Work instructions. Starting at the line that contains "Deze vegetarische aperitiefhapjes", return every line through the end of the data exactly, without pictures.
————
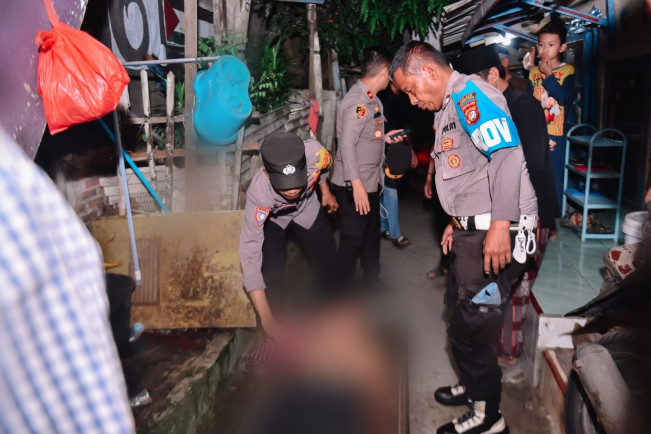 Polisi Gagalkan Aksi Pria Hendak Bunuh Diri di Cengkareng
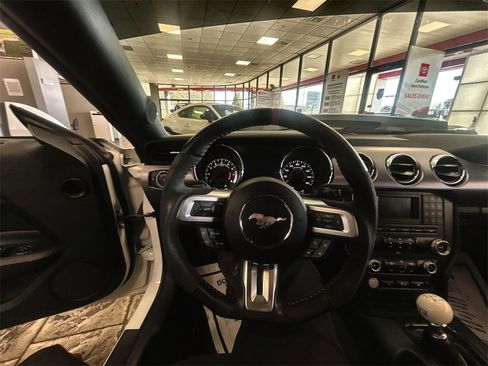 Used 2017 Ford Mustang GT image 20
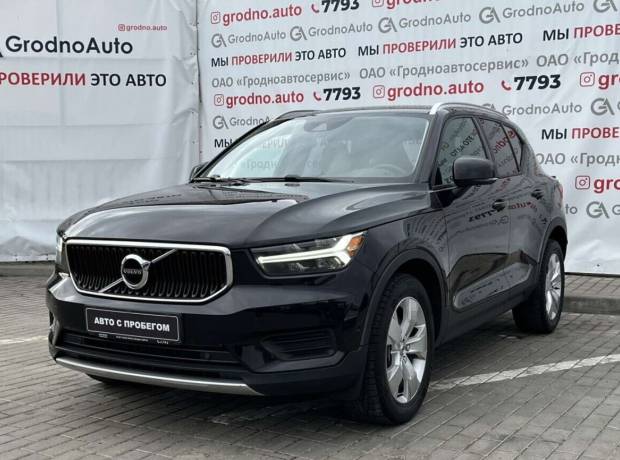 Volvo XC40 I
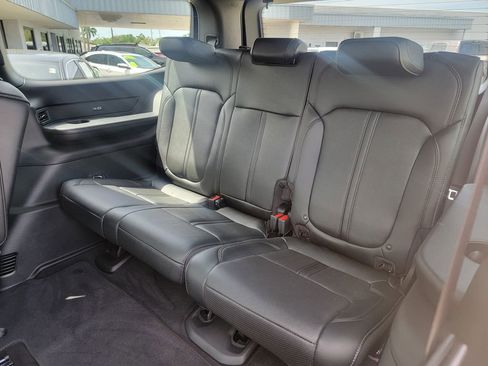 Used 2025 Jeep Wagoneer Series II image 13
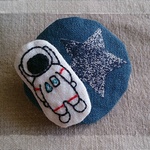 宇宙飛行士のブローチ
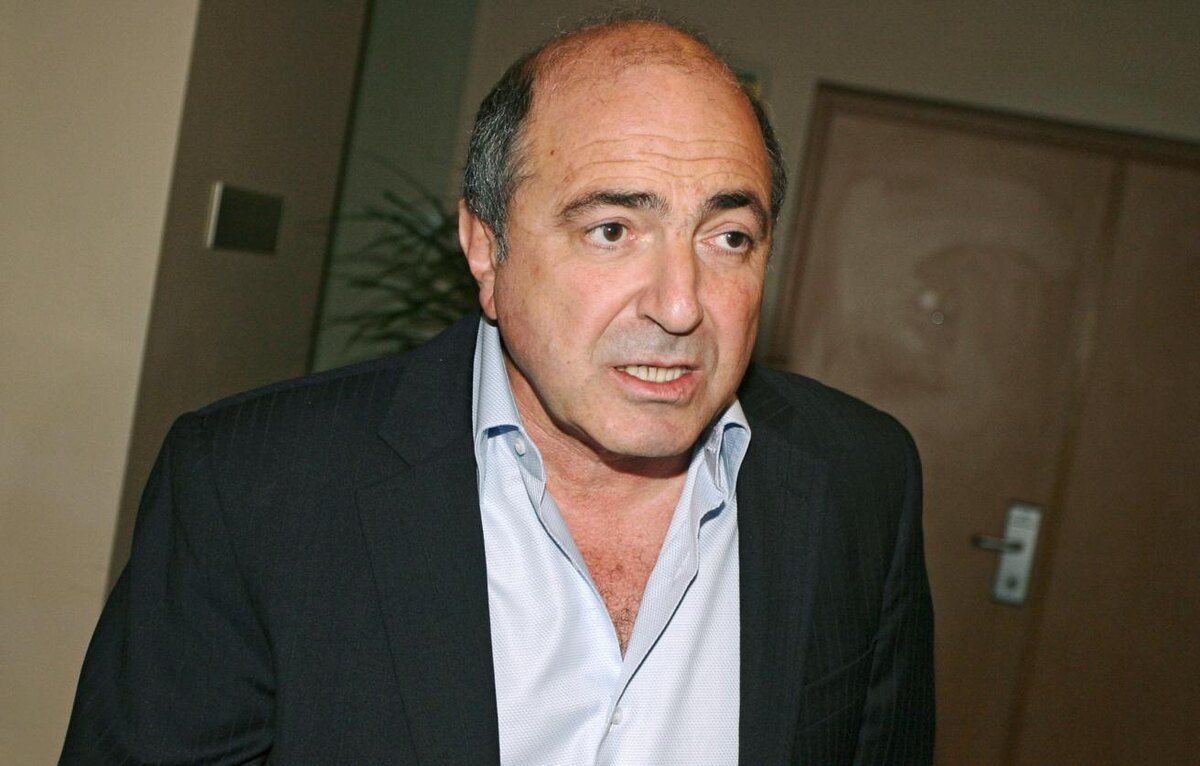 Б.Березовский, - из открытых источников.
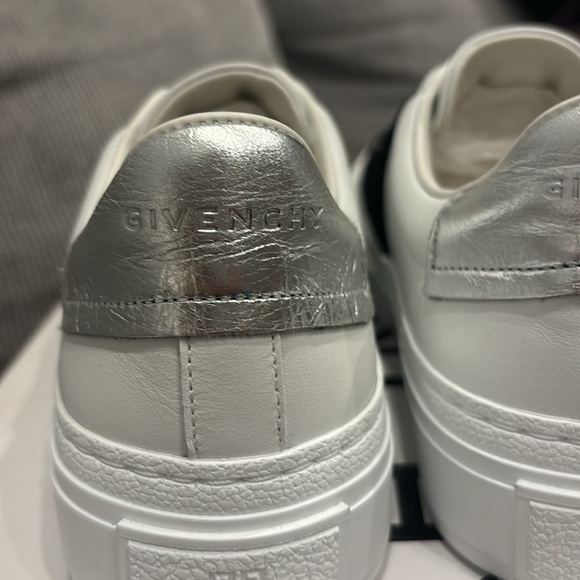 Givenchy brand new leather city sport sneakers sz 36. - Picture 4 of 11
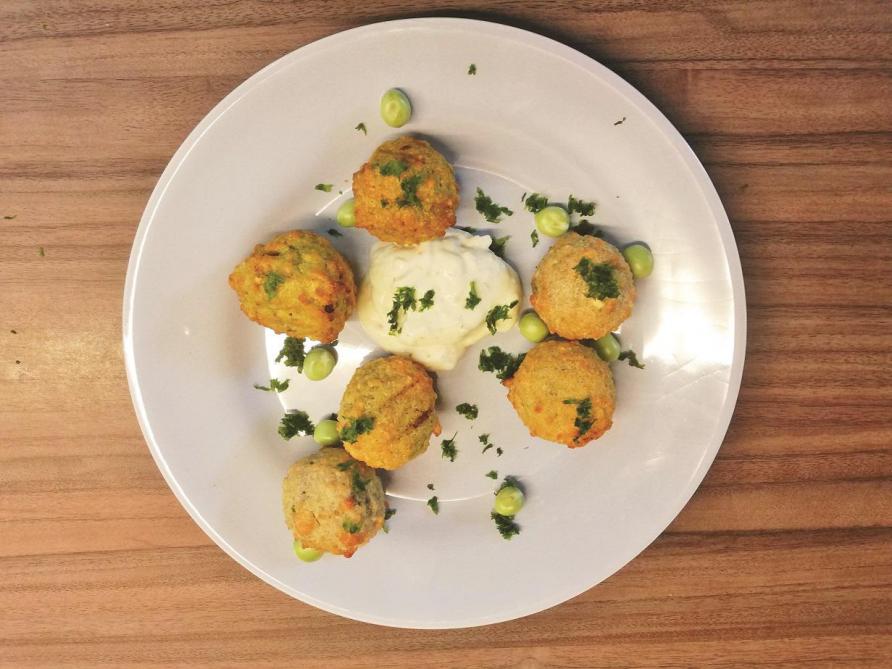 Deze vegetarische aperitiefhapjes met chlorella vind je binnenkort in het vriesvak bij verschillende supermarkten.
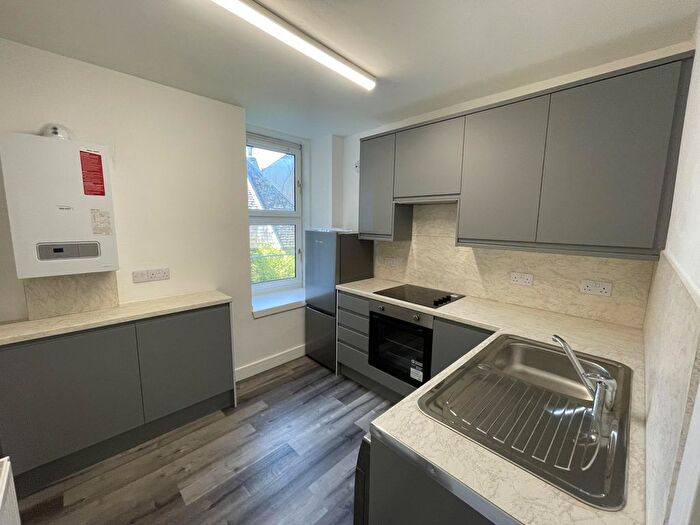 2 Bedroom Flat To Rent In Dundee City, DD2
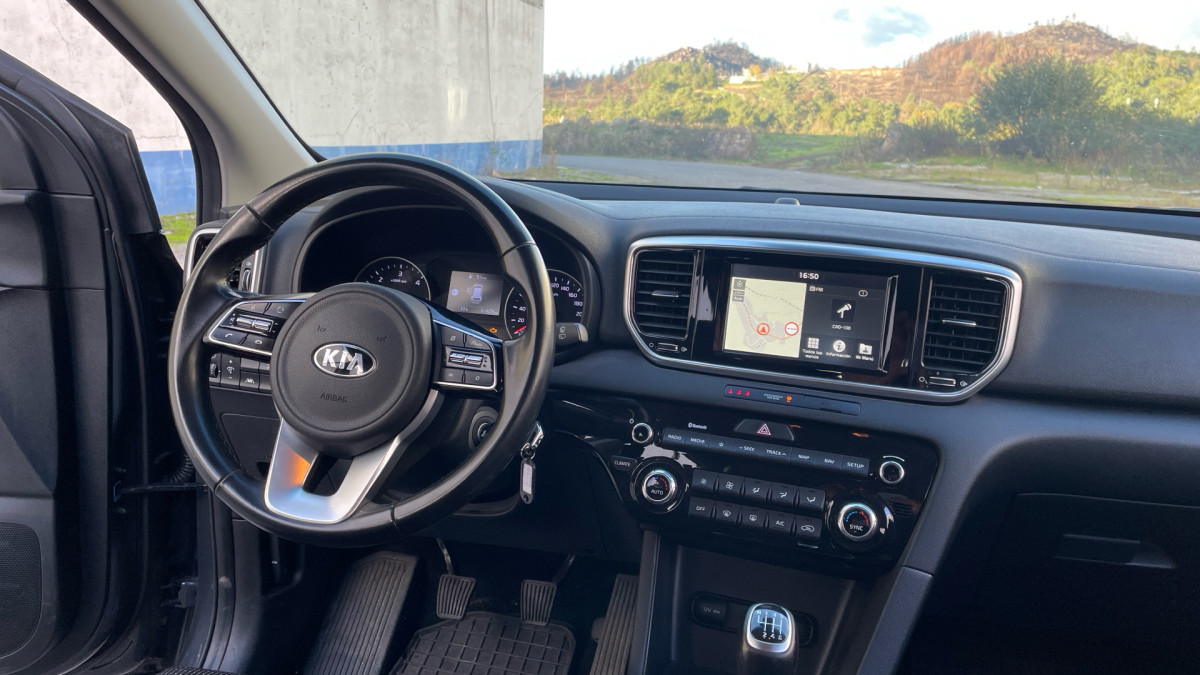 KIA SPORTAGE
————
Solution to this problem.
 Deze vegetarische aperitiefhapjes met chlorella vind je binnenkort in het vriesvak bij verschillende supermarkten.
 2 Bedroom Flat To Rent In Dundee City, DD2
 KIA SPORTAGE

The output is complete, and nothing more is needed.